From an article in the Times we learn today that President Trump importuned his Ambassador to the United Kingdom to get the UK government to hold the British Open at his struggling Golf Resort in Turnberry, Scotland. It is hardly the worst act of corruption or criminality by this President or those who work for him over the last three and a half years. It is most notable for the sheer casual brazenness of the President’s corruption and the fact that we are only hearing about it two and a half years later. It wasn’t a secret. Numerous diplomatic staffers at the US Embassy knew about it. It was reported back to State Department. It was apparently part of an Inspector General’s review that has never been released.
It reminds of us what most of us already suspect, which is that the President’s corruption is vast, both political and venal. It has touched every sinew of the President’s administration and the great majority of it almost certainly remains unknown. For all the administration’s notorious leaking, remember that it took one CIA whistleblower to inform us about the President’s plot to use military to aid to coerce a foreign leader to help sabotage an American Presidential campaign. Except for the decision of that one anonymous individual we would still not know any of it had happened. All of the President’s appointees cover for him, even those who know his actions are wrong and say they deplore them yet keep his secrets.
As the middling example of this golf resort corruption makes clear these corrupt acts now likely litter our bilateral relationships with numerous foreign governments. Standing policies now likely rest on or were influenced by such corruption. They are like so many landmines across the landscape of America’s relationship with the rest of the world.
We simply cannot move forward as a society or a political system without a thorough accounting of the totality of what happened during this unparalleled era of lawlessness, corruption and mis-governance. This does not mean Trump and Trumpism are an aberration or historical accident. Indeed, Trumpism has deep roots in American political culture and grows out of the last twenty-plus years of trajectory of the Republican party. But this makes an accounting more necessary not less.
I wrote about this at length a few weeks ago. Then I made the point prosecutions frequently work at cross purposes with disclosure and full accounting for public wrongs and that a full accounting of what has happened is more important than judicial punishment for individual wrongdoers. Accounting should be the first priority and we should pursue it even at the expense of criminal prosecutions.

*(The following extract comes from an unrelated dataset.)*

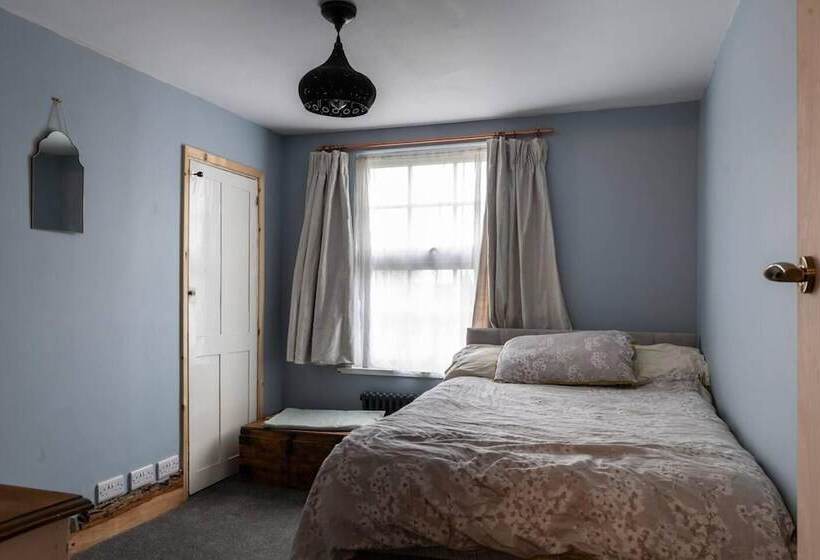 3br Fireplace Hottub Garden Parking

This is logical from a number of perspectives, not least of which is that you can’t really decide how to deal with something before you even know what the something is. And the reality is that so much remains hidden that we don’t really know even what’s happened.
The corruption of the Trump era also involves numerous acts of corruption and mis-governance which are simply not statutory crimes. As Warren Hastings wrote more than two centuries ago, “The only redress for a fraud for which the law had made no provisions is the exposure of it.”
What is critical now is that people be getting Vice President Biden and leading congressional Democrats on the record now to commit to such a process if Biden is elected and becomes President in January. If that happens Biden and congressional Democrats will face a daunting range of problems ranging from an ongoing public health crisis to a shattered economy to a globe destabilized by the xenophobia and militant nonsense of Trumpism. They will also face Republicans newly fixated on austerity and wrongfooting the new administration at every turn. Anything not committed to in advance will fall by the wayside.
This doesn’t mean a criminal investigative process. That both defeats the focus on accountability and disclosure in many cases and involves choices that are premature to entertain and appropriately left to prosecutors. It means an audit. Getting the facts on the table. Disclosure and thorough accounting. The executive branch needs an audit to move forward and Joe Biden and all top Democrats need to commit to it.